The distinctive high orbits, regional coverage and stationary characteristics of BeiDou Geostationary Earth Orbit (GEO) satellites result in the poor geometric diversity with respect to ground stations and the difficulty for Precise Orbit Determination (POD). Considering that BeiDou is a regional system currently, the global ground stations cannot effectively ameliorate POD geometry, especially for GEO and IGSO satellites. Integrating the LEO-onboard GNSS data would be an effective way to improve the estimation of BeiDou orbits since LEO’s faster motion can significantly enhance geometric diversity. In this paper, we study the POD of combined GNSS and LEO constellation with regional ground stations in China, where the LEO constellation plays the role of moving tracking stations to ameliorate the poor POD geometry resulting from regional ground stations.

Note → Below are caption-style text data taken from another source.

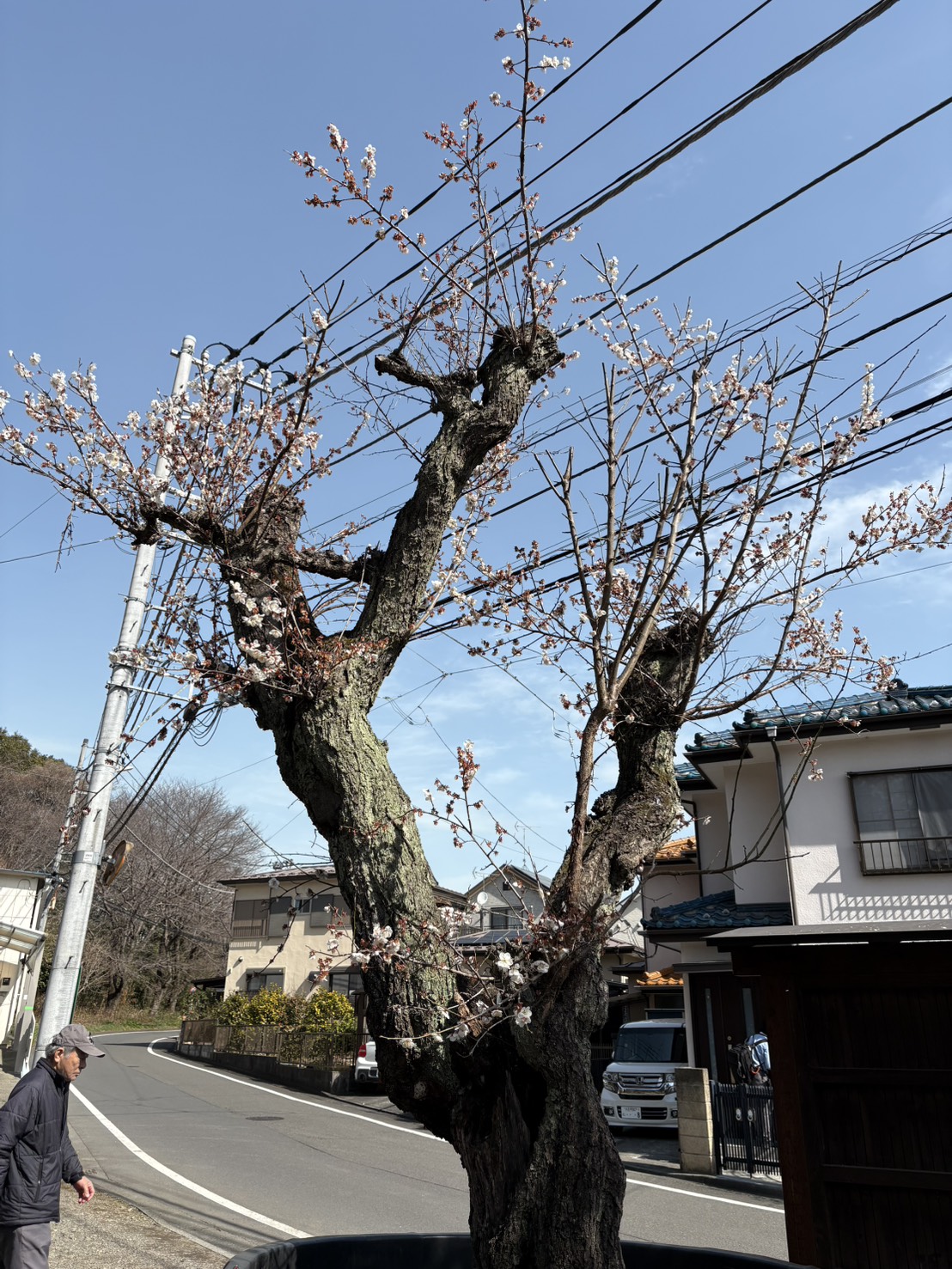 白梅の画像。里親を募集しています。お申し込みは植木の里親はやましたグリーンまで。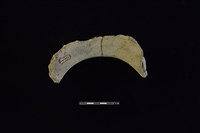 陶罐藏品圖，第2張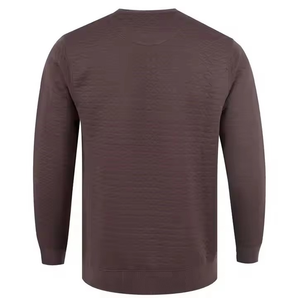 Tallas personalizadas Hombres Sudadera Diseño OEM Clásico de manga larga Sudadera Básicos de moda Algodón Mezclado Hombres Sudadera - Product Image 4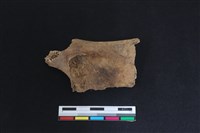 梅花鹿骨藏品圖，第2張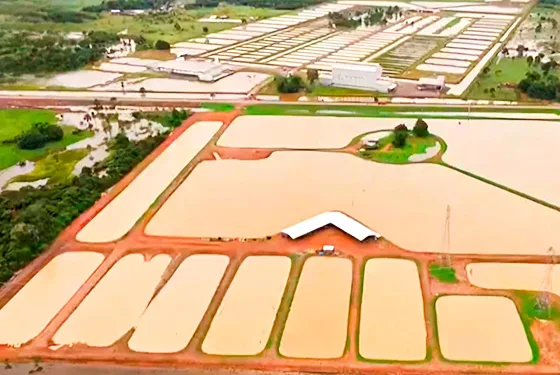 Justiça do Acre decreta falência da empresa Peixes da Amazônia S/A: “Total abandono”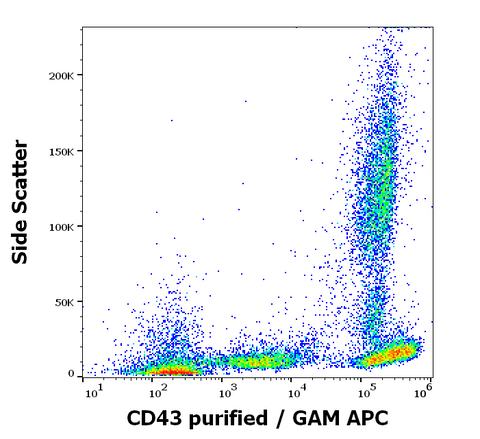 Purified Anti-Human CD43 (MEM-59)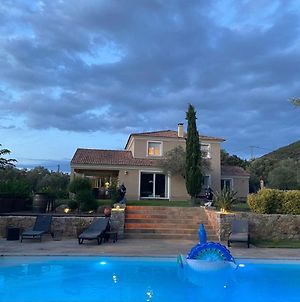 Très belle villa piscine jacuzzi grande propriété Belgodère Exterior photo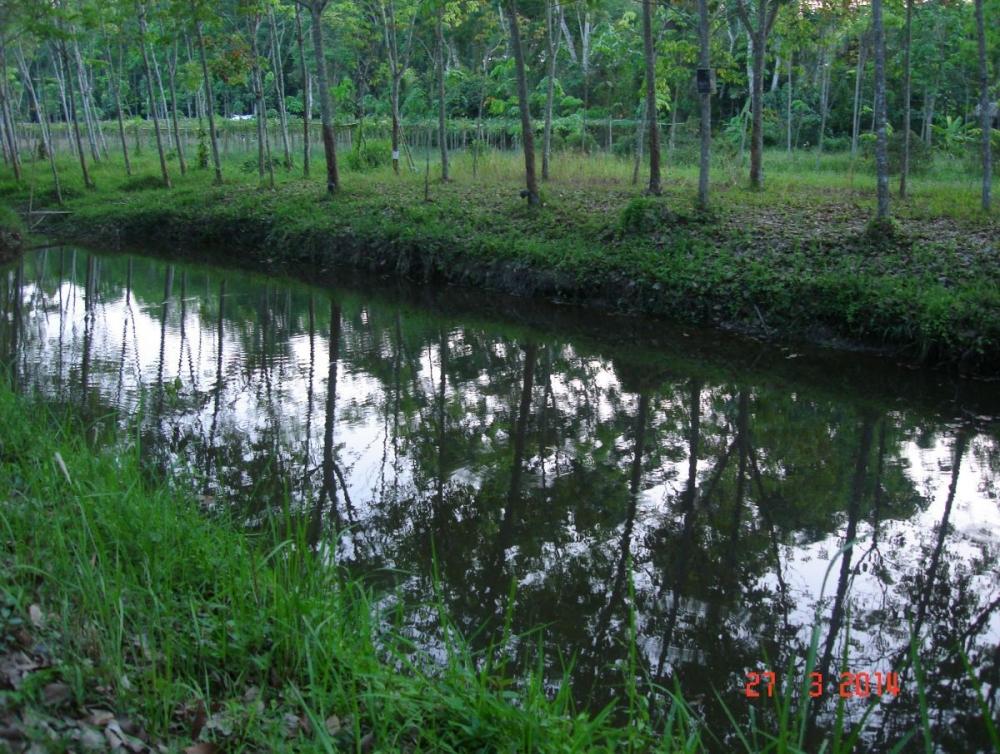 คาวบอยเมืองคอน 2 ....การผงาดของกบพีที 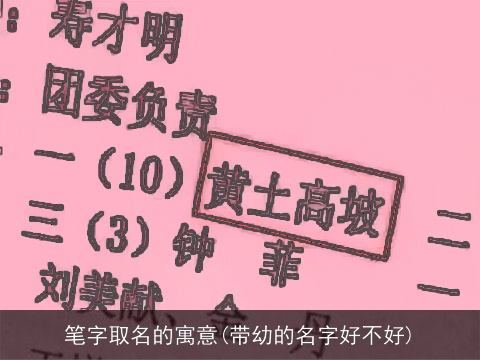 笔字取名的寓意(带幼的名字好不好)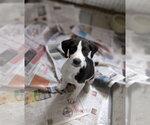 Eddie (NY-Danielle) - Male Collie-Labrador Retriever Mix Dog for Adoption - Small photo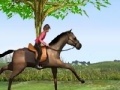 Game Horse Jumping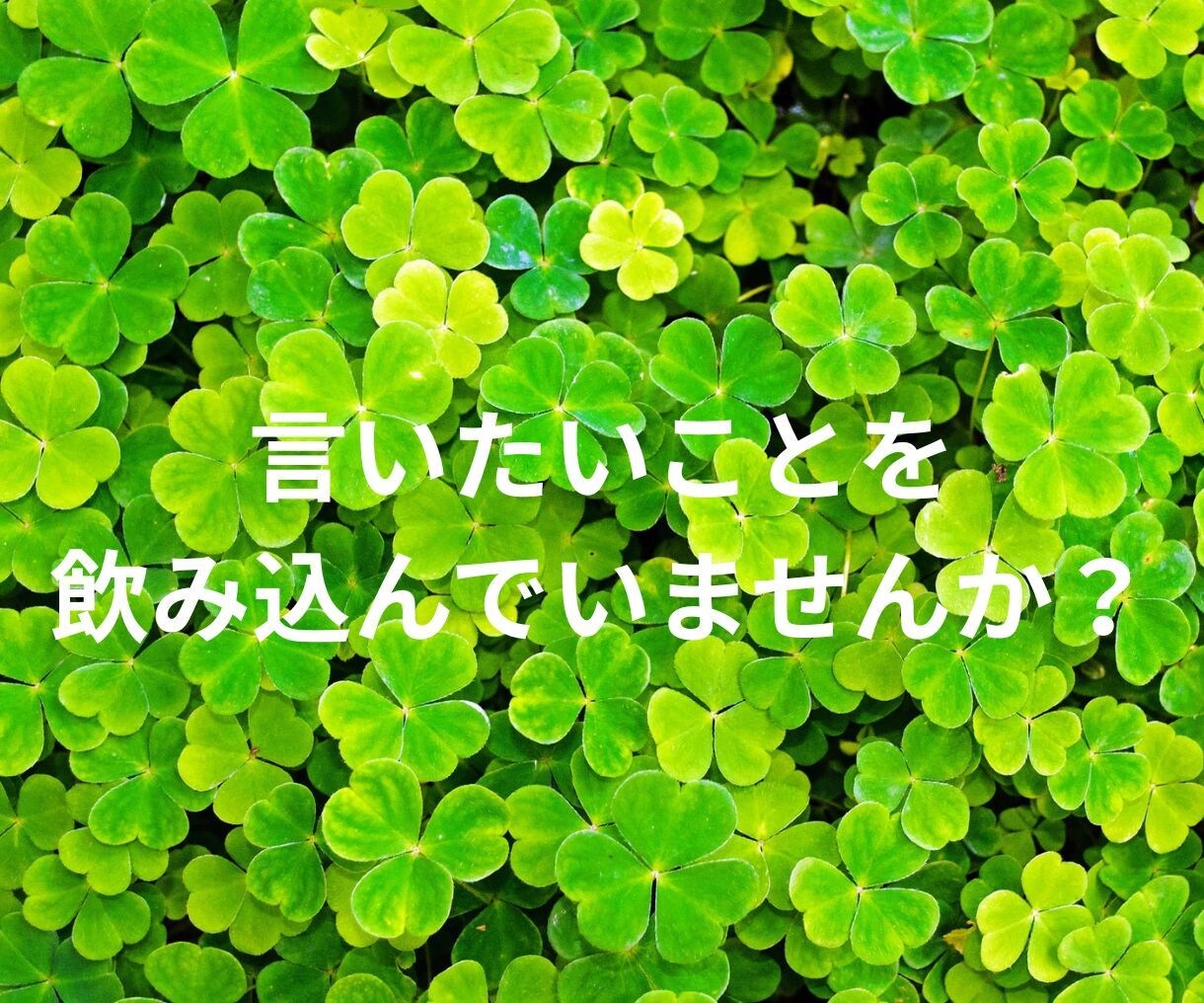 今すぐ話したい！聴いてほしい！をお聴きします 5分でも大歓迎ꕤ︎︎  あなたの心の声を言葉にしませんか？ イメージ5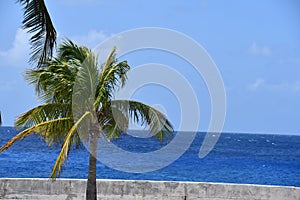 View of the Caribbean Sea from the Cayman Islands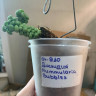 Дисхидия Nummularia Bubbles, (деленка) 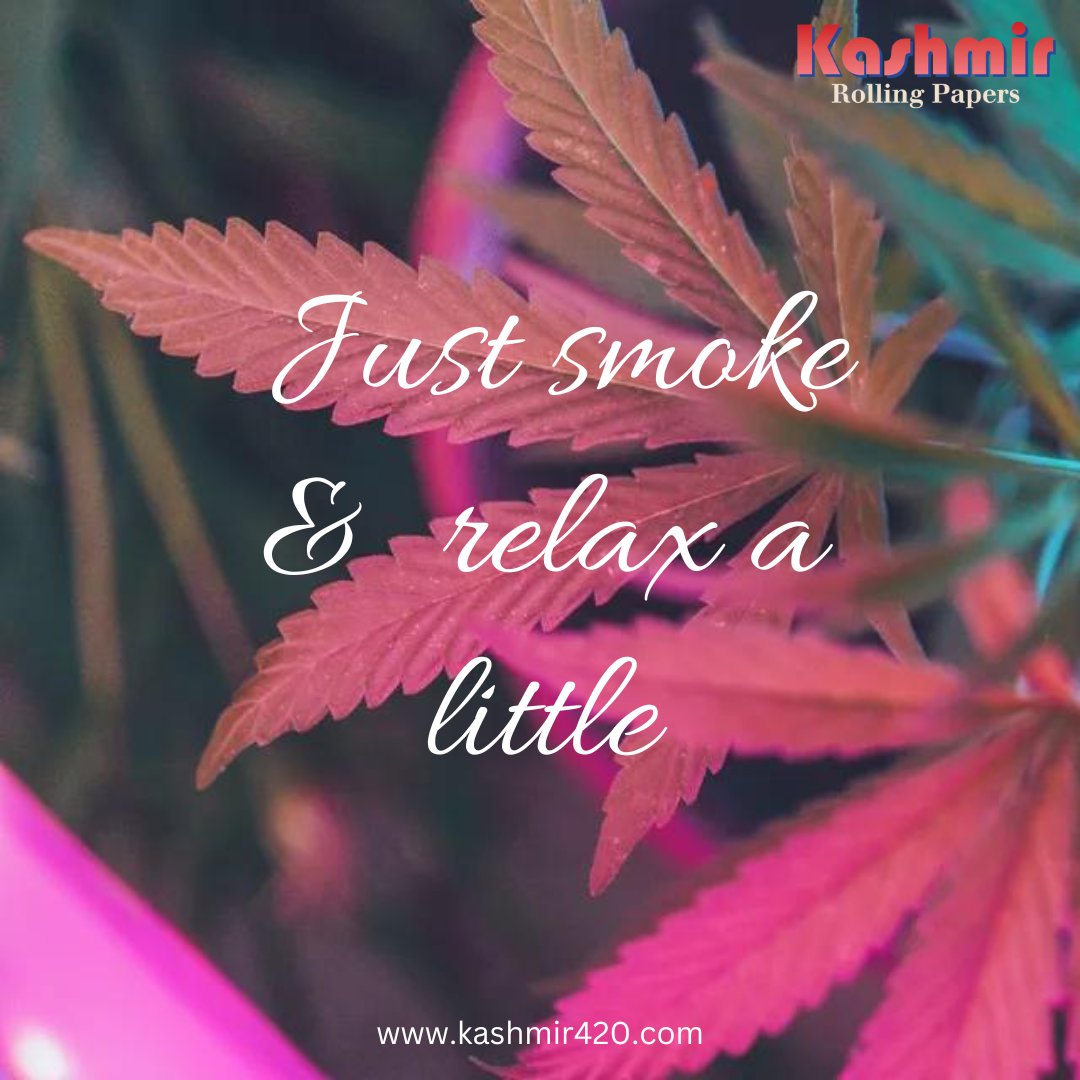Kashmir_420's tweet photo. Just smoke and relax a little!
.
Follow Us: @Kashmir_420
.
.
.
#weedmemes #Tuesdaymood #wakenbake #cannabisfacts #weedfacts #Mondayvibes #MondayMotivation #weedporn #cannabis #weedlife #cannabiscommunity #weedstagram #memes #marijuana #weedgirls #stoner #weedhumour #weedsociet https://t.co/RfjO9hIcID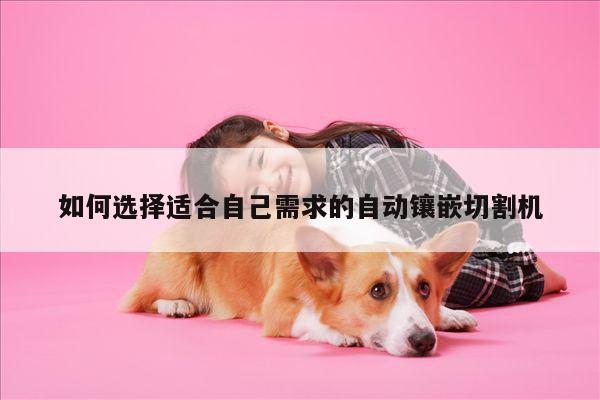 爱游戏平台|如何选择适合自己需求的自动镶嵌切割机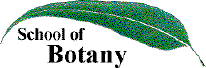 School of Botany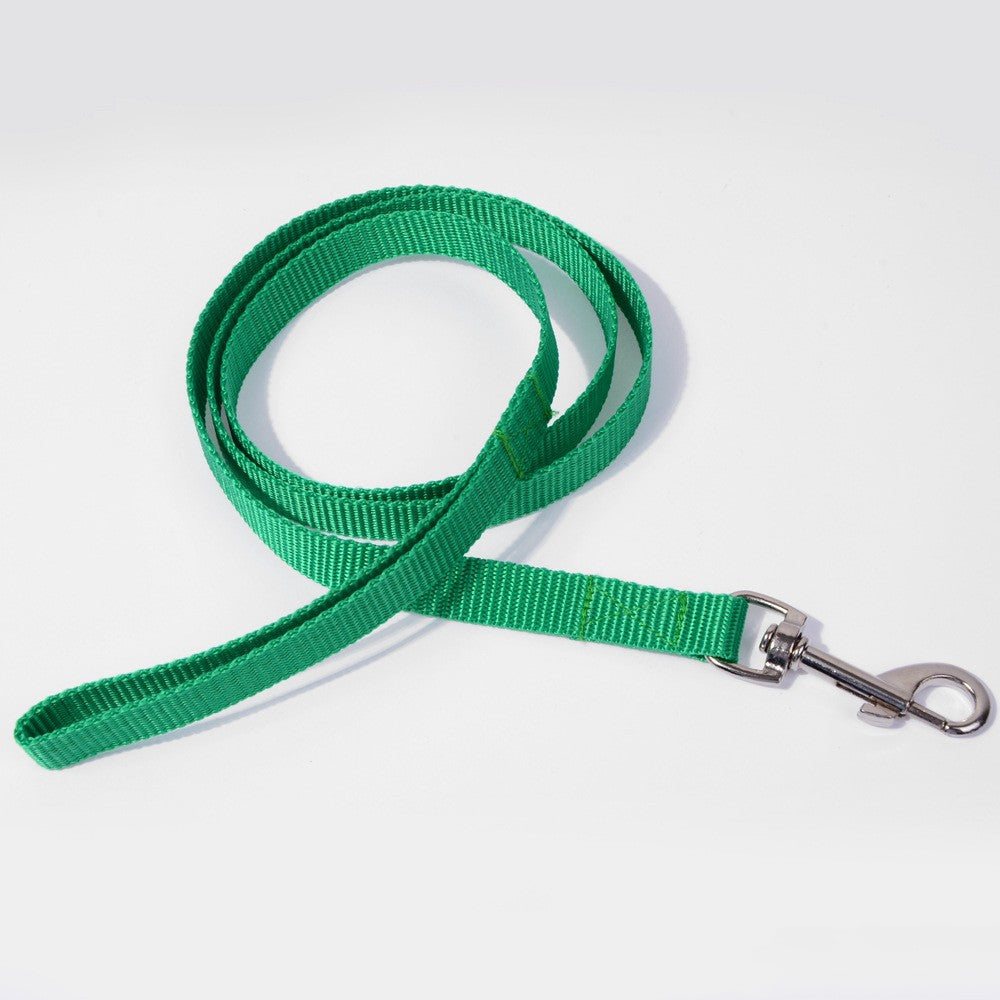 Pet Dog Hand Holding Rope Multicolor Colorful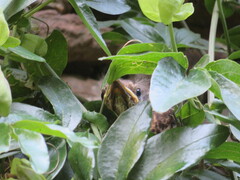 Turdus merula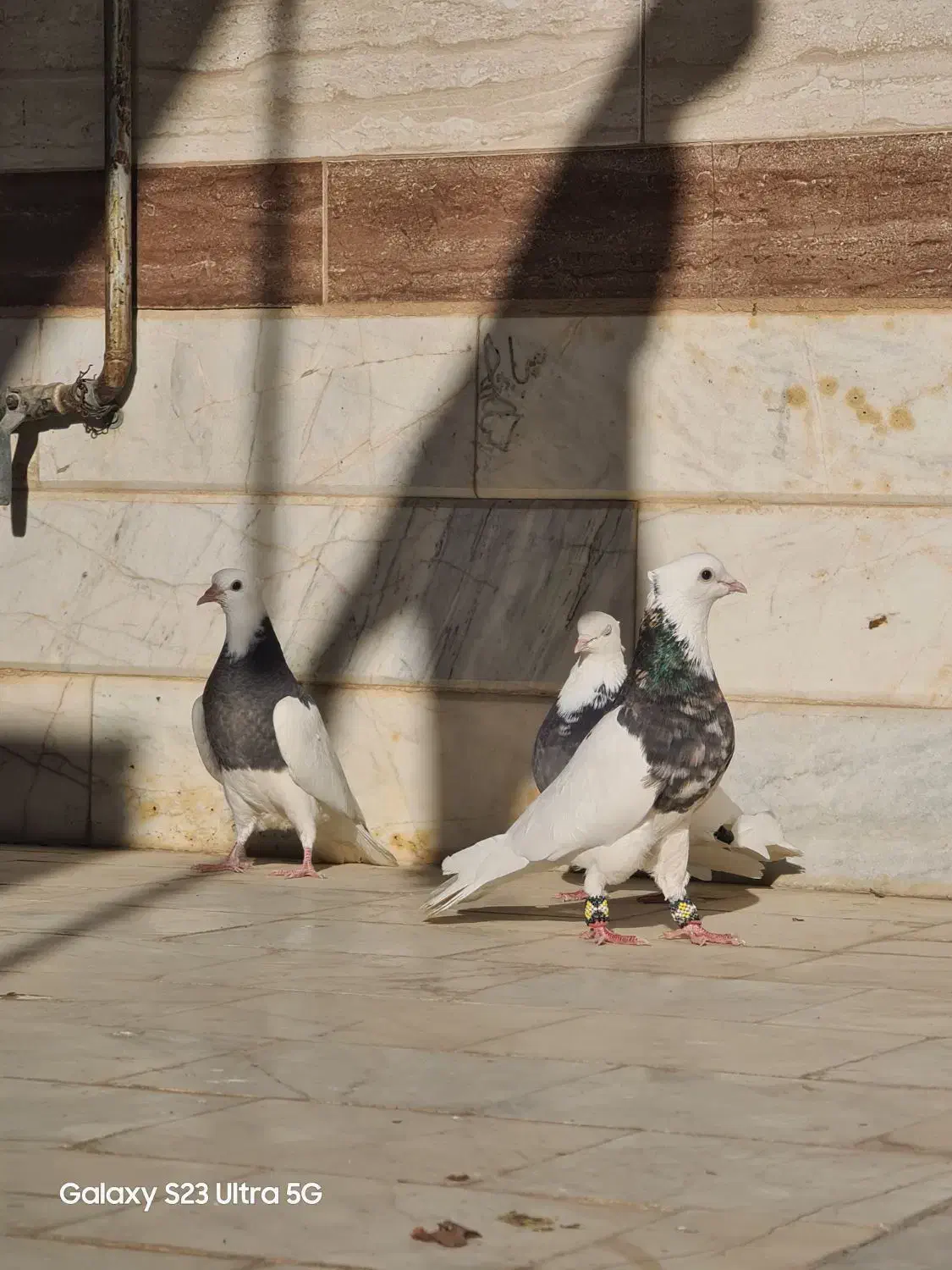 سه تا طوقی|پرنده|بردسکن, |دیوار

The Iridium system is used as the LEO constellation and the LEO-onboard and ground tracking GNSS data are all simulated. The POD of combined GPS, BeiDou and LEO constellation is conducted with 8 ground stations in mainland of China. To balance the computation burden and POD accuracy, the different LEO satellites are selected for combined POD while the orbits of remained LEO satellites are computed with solved GPS and BeiDou orbits. With the LEO satellites increasing, the orbits of all GPS and BeiDou satellites are significantly improved, especially for along-track direction of GEO satellites. With the regional ground stations, the sub-decimeter-level orbit accuracies are achievable for BeiDou GEO and IGSO satellites, and centimeter accuracies for BeiDou MEO and GPS satellites. Furthermore, the impact of code precision on combined POD is numerically analyzed.